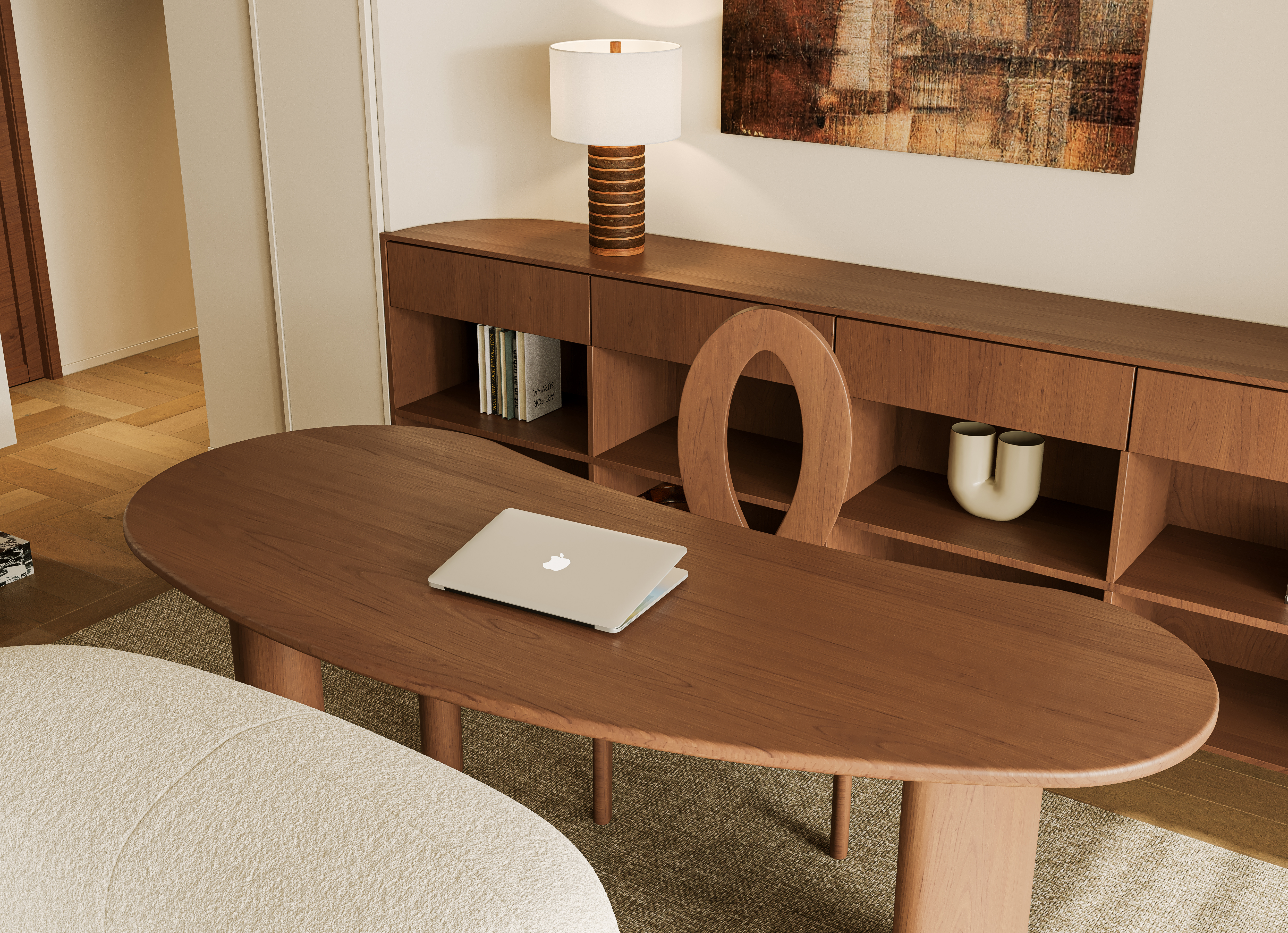 中古风客餐厅设计表现丨UU 空间表现-10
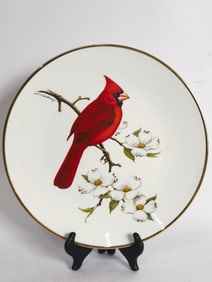 1974 Vintage Avon Porcelain Red Cardinal Plate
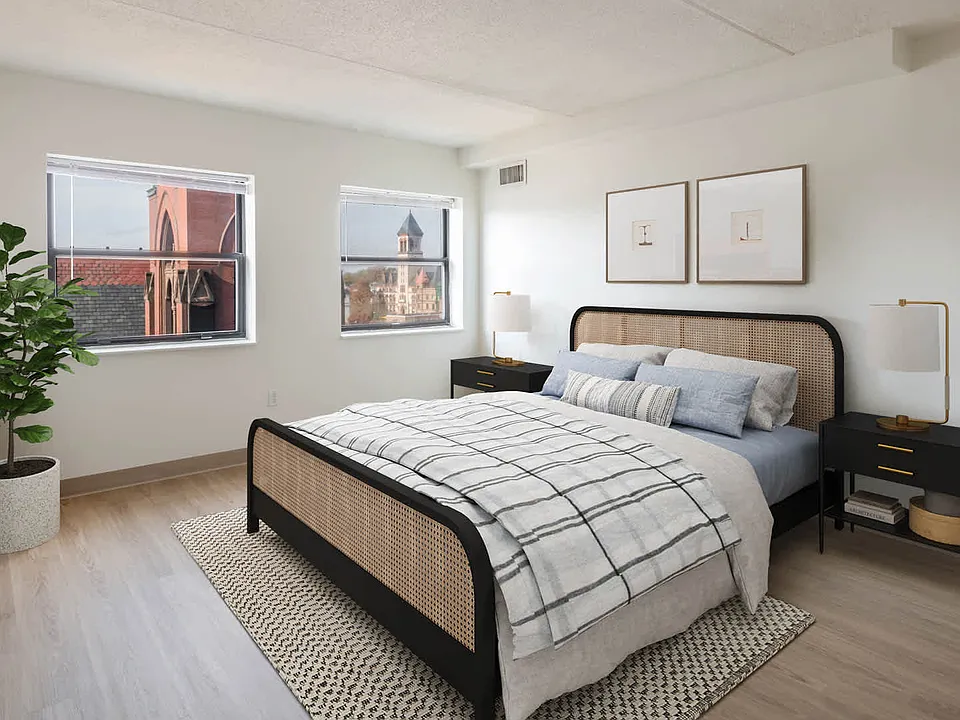 Bedroom with Hard Surface Flooring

* _Exercise_
The full text of the data above, exact and without pictures, is what to return.

* _Exercise answer_
 中古风客餐厅设计表现丨UU 空间表现-10
 1974 Vintage Avon Porcelain Red Cardinal Plate
 Bedroom with Hard Surface Flooring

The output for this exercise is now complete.